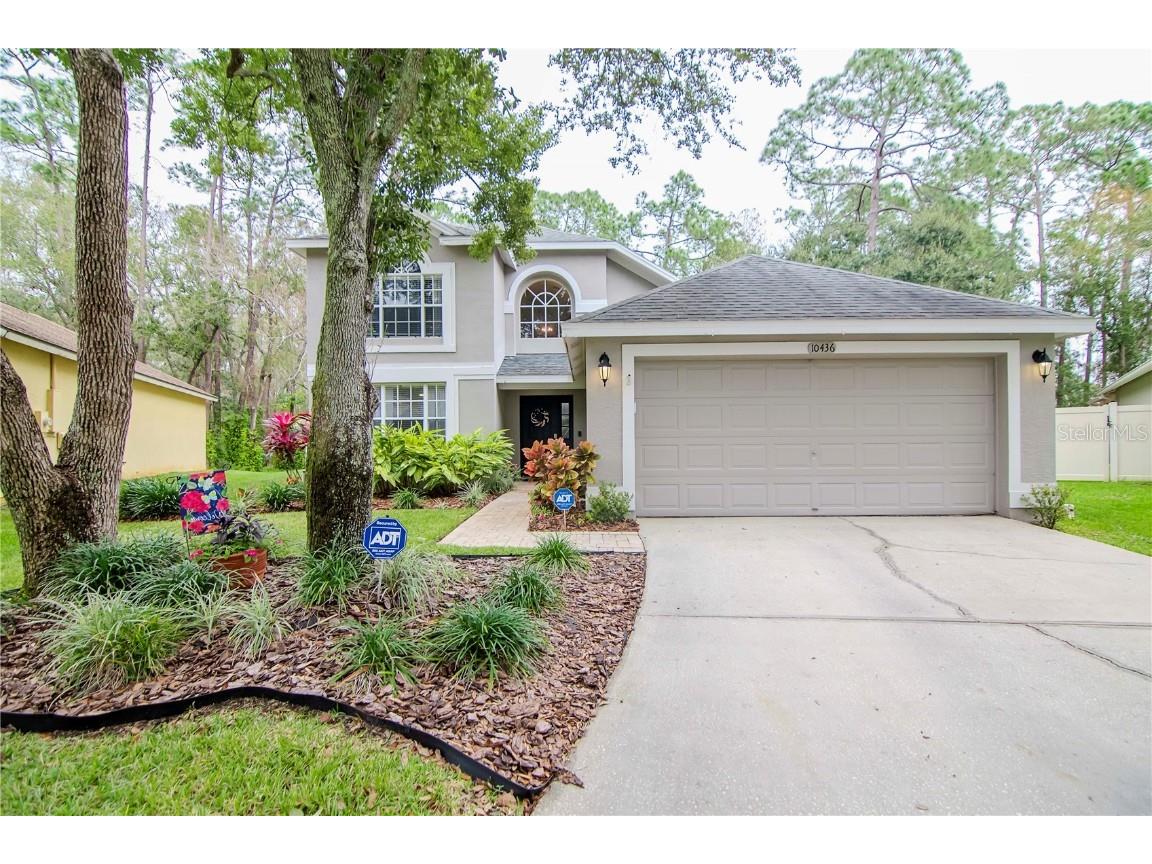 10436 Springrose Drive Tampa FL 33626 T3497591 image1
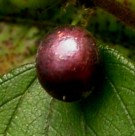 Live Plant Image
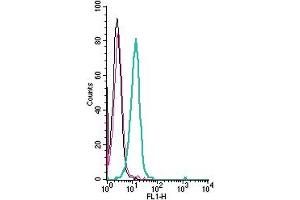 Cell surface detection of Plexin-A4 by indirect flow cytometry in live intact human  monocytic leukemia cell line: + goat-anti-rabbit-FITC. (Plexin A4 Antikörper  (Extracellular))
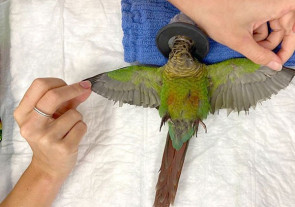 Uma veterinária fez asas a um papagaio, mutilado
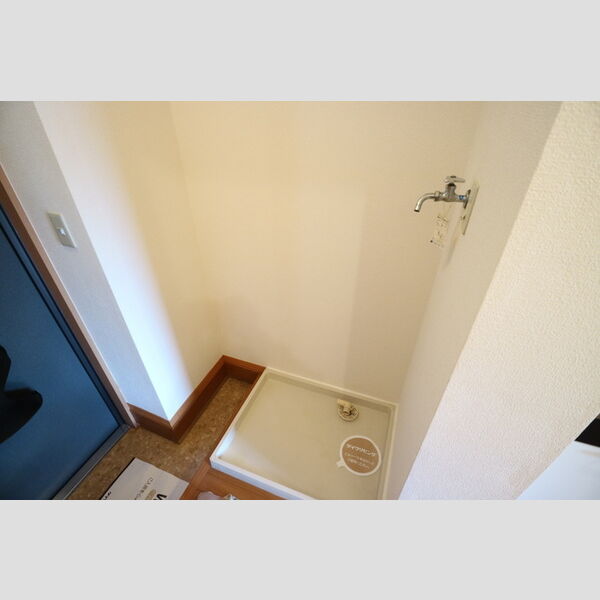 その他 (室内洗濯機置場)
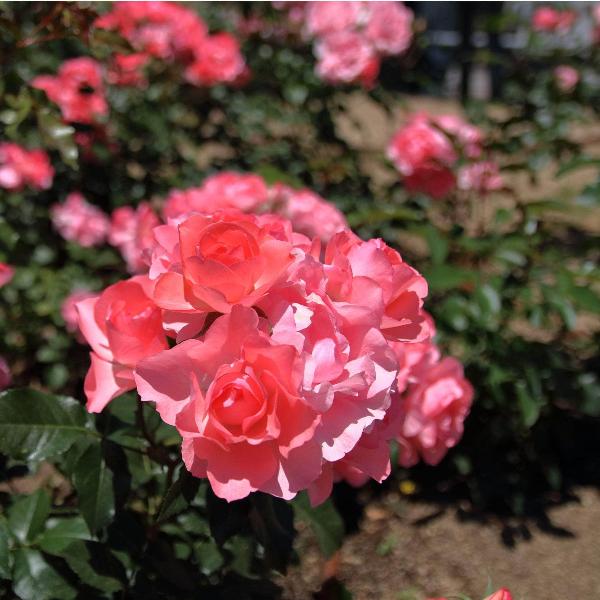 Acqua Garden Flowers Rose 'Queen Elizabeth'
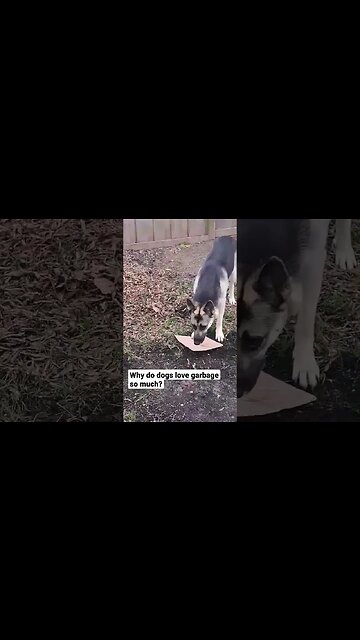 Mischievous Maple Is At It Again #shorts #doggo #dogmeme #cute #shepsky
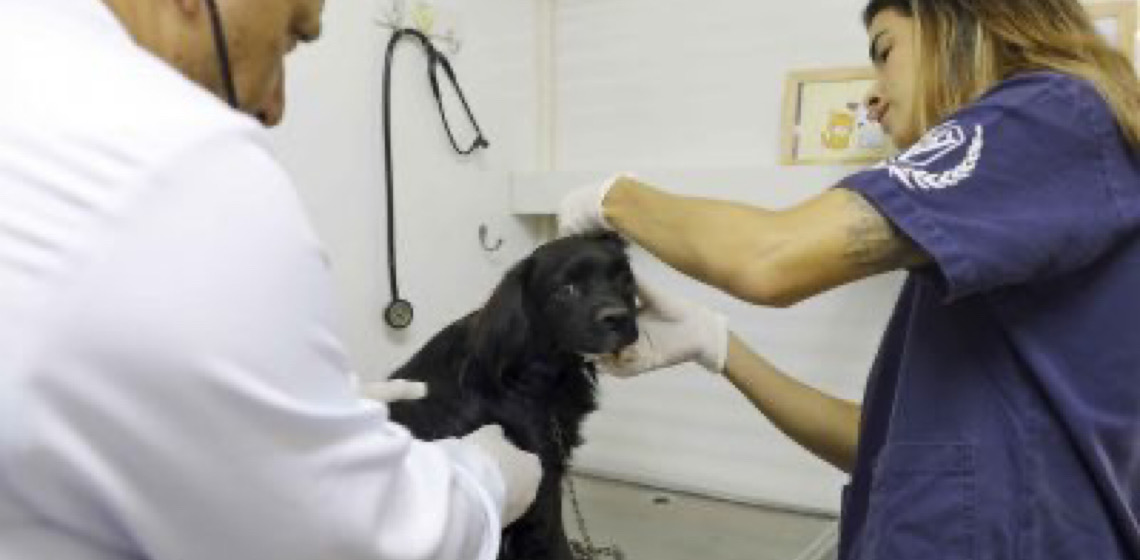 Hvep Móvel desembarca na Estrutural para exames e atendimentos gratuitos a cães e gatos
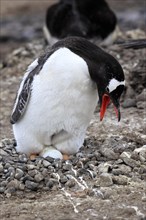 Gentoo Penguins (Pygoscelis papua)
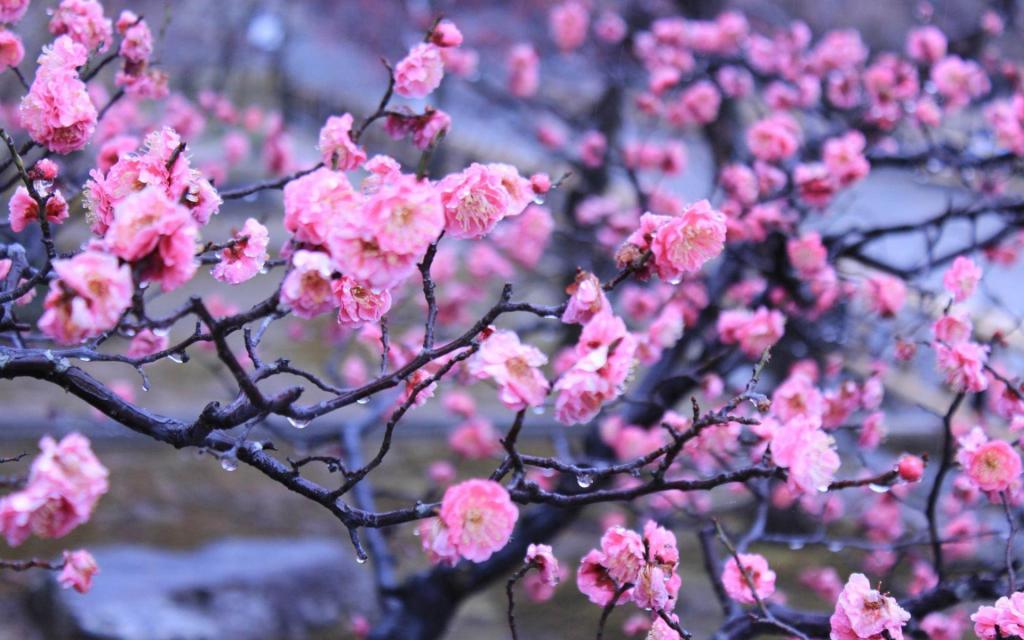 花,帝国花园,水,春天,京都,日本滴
········
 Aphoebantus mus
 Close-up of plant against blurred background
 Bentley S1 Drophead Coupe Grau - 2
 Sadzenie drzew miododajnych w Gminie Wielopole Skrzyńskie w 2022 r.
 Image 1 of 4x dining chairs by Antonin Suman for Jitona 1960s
········
§ Exercise objective
Exactly as written above, retype the lines starting at the one holding "Live Plant Image" and ending at the one holding "花,帝国花园,水,春天,京都,日本滴", both included, but not the pictures.

§ Expected answer
 Live Plant Image
 Cell surface detection of Plexin-A4 by indirect flow cytometry in live intact human  monocytic leukemia cell line: + goat-anti-rabbit-FITC. (Plexin A4 Antikörper  (Extracellular))
 Uma veterinária fez asas a um papagaio, mutilado
 その他 (室内洗濯機置場)
 Acqua Garden Flowers Rose 'Queen Elizabeth'
 Mischievous Maple Is At It Again #shorts #doggo #dogmeme #cute #shepsky
 Hvep Móvel desembarca na Estrutural para exames e atendimentos gratuitos a cães e gatos
 Gentoo Penguins (Pygoscelis papua)
 花,帝国花园,水,春天,京都,日本滴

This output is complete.